= Edward Margański =

Edward Margański (born September 17, 1943, in Kolbuszowa) is a Polish engineer, aircraft designer and inventor, pilot, founder of the Aviation Equipment Renovation and Production Plant (Zakłady Remontów i Produkcji Sprzętu Lotnicze) in Bielsko-Biała, currently the aviation company Margański & Mysłowski Aviation Works (Margański & Mysłowski Zakłady Lotnicze). Manufacturer of Swift S-1 and MDM-1 Fox gliders.

== Biography ==
Graduate of the Faculty of Power and Aeronautical Engineering (MEiL) of the Warsaw University of Technology. During his studies in 1962, he reactivated the Student Aviation Section under the name of the Pilots' Scientific Club. He also became the president of the Circle. After graduation, he was an assistant at the Department of Aerodynamics of the Institute of Aviation Technology and Applied Mechanics of the Ministry of Science and Higher Education of the Warsaw University of Technology. In the years 1970–1977, an employee of PZL Mielec, later a representative of PZL Mielec at the Institute of Aviation (IL) in Warsaw. Since 1978, director of the Glider Plant in Bielsko-Biała. In 1986, Edward Margański founded his own aviation company, Zakłady Remontów i Produkcji Sprzętu Lotnicze, in Bielsko-Biała, which produced mainly gliders, now transformed into Margański & Mysłowski Zakłady Lotnicze.

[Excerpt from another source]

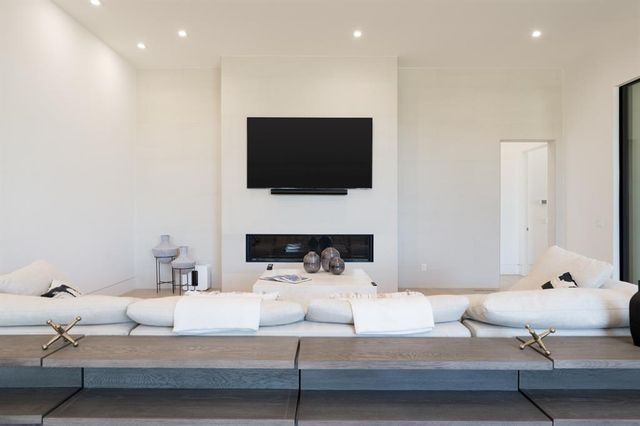 5820 Promenade Square, Oklahoma City, OK 73142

Since 1998, Edward Margański has implemented his own project of a cheap jet aircraft with a composite structure, the EM-10 Bielik (Iskra II), the target successor of the TS-11 Iskra. He is also the designer of the EM-11 Orka sports and business aircraft.

While working on the EM-10 Bielik, he developed a flight control system called "Skrzydełkiem", now patented and tested on models.

He is the father of Małgorzata Margańska, a gliding instructor.